Commento al campionato di Gianni Mura

Inizio con un omaggio al Frosinone. Se vediamo in tv una squadra retrocedere nel suo stadio, tra gli applausi, siamo sicuri che non si tratta di uno stadio italiano. Invece no, è accaduto a Frosinone. Una lezione di serietà, sportività e dignità. In una settimana di sogni in libera uscita, sull’onda del Leicester, naufragano sogni più piccoli, come quello di salvarsi al primo anno in A. Quello del Frosinone è crollato ieri e con tutta probabilità anche quello del Carpi. Non gli servirebbe nemmeno vincere a Udine, se il Palermo batterà il Verona, retrocesso da tempo. Come il Levante, che però ha affondato un altro sogno, quello dell’Atletico Madrid. Anche il cholismo, gol in contropiede di Pepito Rossi al 90’, ha i suoi alti e bassi.

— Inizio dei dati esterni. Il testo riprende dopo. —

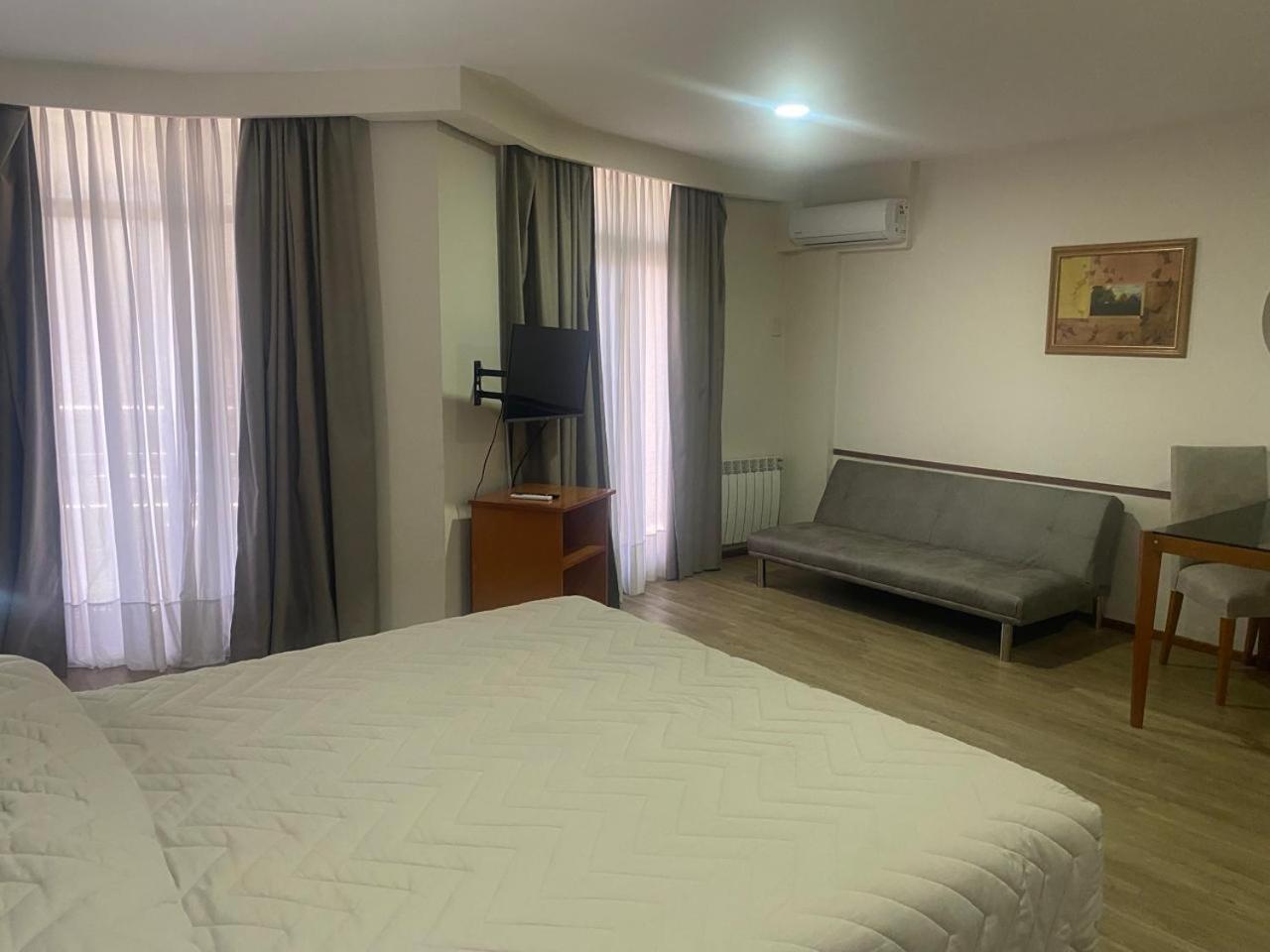 Hotel Howard Johnson רוסאריו מראה חיצוני תמונה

Vero che Simeone, squalificato, non era in panchina, e che forse ha privilegiato la finale di Champions, ma resta una discreta botta.

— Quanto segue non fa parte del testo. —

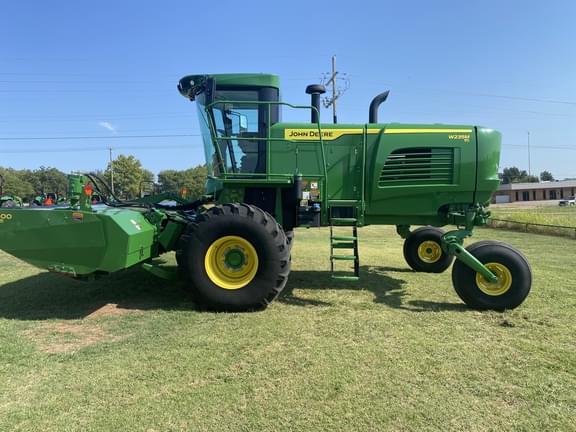 Image of John Deere W235M equipment image 3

Qualcuno, in casa nostra, dirà che aveva ragione Lotito sulle squadre di provincia. Un anno e tolgono il disturbo. No, Lotito ha torto, perché Carpi e Frosinone hanno dimostrato di poterci stare, insieme ai ricchi e potenti. Cedono a una giornata dalla fine. Il Frosinone ha il torto di aver perso in casa col Palermo, che poi ha trovato avversarie molto comprensive in Samp e Fiorentina. E il Carpi paga i due rigori falliti da Mbakogu, ma anche, prima, il temporaneo siluramento di Castori. Il Frosinone non ha mai pensato di rimuovere Stellone, i giocatori hanno dato tutto quello avevano, i tifosi l’hanno capito. Nessun processo sotto la curva, nessuna aggressione ai giocatori, solo tifo a favore. Sotto questo aspetto, sarebbe bello se il calcio di provincia fosse imitato dal calcio metropolitano. È una speranza piccola, come piccolo ma vero e pulito è il calcio di provincia. Se c’era una squadra che meritava di pagare colpe non sue ma, tantissime, troppe, del suo presidente, era il Palermo, che si salverà battendo il Verona. Ma Stirpe è un presidente da cui si può imparare qualcosa, Zamparini no.

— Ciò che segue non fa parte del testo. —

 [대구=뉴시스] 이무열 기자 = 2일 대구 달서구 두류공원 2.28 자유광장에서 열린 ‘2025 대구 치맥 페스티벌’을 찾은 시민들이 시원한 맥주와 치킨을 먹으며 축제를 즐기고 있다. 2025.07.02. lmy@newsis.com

Avesse spostato qualcosa, era da riflettori la vittoria strameritata del Verona su una Juve balneare. Quattro squalificati, due infortunati, la pancia piena, ma ad Allegri non può essere piaciuta una Juve così svagata e turistica, mai in partita. Toni saluta il calcio con un cucchiaio su rigore e i tifosi lo salutano in piedi, alla fine, quando fa il giro di campo con gli occhi umidi. Giustissimo omaggio. Il Napoli domina il primo tempo con un Higuain fantastico, che raggiunge Angelillo a 33 gol, ma patisce più del dovuto il gol di Peres. Affanno e difesa coi denti, ma i tre punti Sarri li porta a casa. A margine: Insigne fa tutto quello che serve per non essere portato in Francia da Conte. Sul podio, ognuno sta al suo posto. La Roma è anche arbitra del destino europeo del Milan, scavalcato dal Sassuolo e appeso alla finale di Coppa Italia, dov’è sfavorito.
Sotto il podio, continua a far discutere il quarto posto dell’Inter: va preso come un traguardo decoroso o una bocciatura? Non è una bocciatura ma neanche una medaglia che Mancini può appuntarsi al petto. Credo che qualche dubbio sia venuto pure a lui. La squadra è crollata nel ritorno senza l’alibi di un impegno europeo. Idem il Milan, che ha cambiato allenatore ma non è servito a nulla. Che prospettive hanno le milanesi dopo questo campionato ai margini? Nebulose, e non solo per una non invidiabile situazione debitoria e per l’incertezza di cordate orientali che vanno e vengono. Difficile che lo scarto con le prime tre sia colmato in questi pochi mesi. L’Inter è da ripensare o rifare in misura minore, rispetto al Milan. Mancini è bravissimo nel farsi comprare giocatori di suo gradimento, salvo poi non impiegarli o impiegarli male. Miranda, Perisic e Kondogbia restano buoni acquisti, altri meno, ma un’ossatura s’intravvede. Il Milan è in larga parte da rifare, vai a sapere con quale programma. La soluzione è Gasperini. Un presidente con le abitudini di Preziosi lo obbliga ogni anno a ricostruire e lui ogni anno ci riesce, e in più migliora i giocatori. Due nomi freschi: Pavoletti e Suso, che a Milanello era considerato un elemento decorativo e nulla più.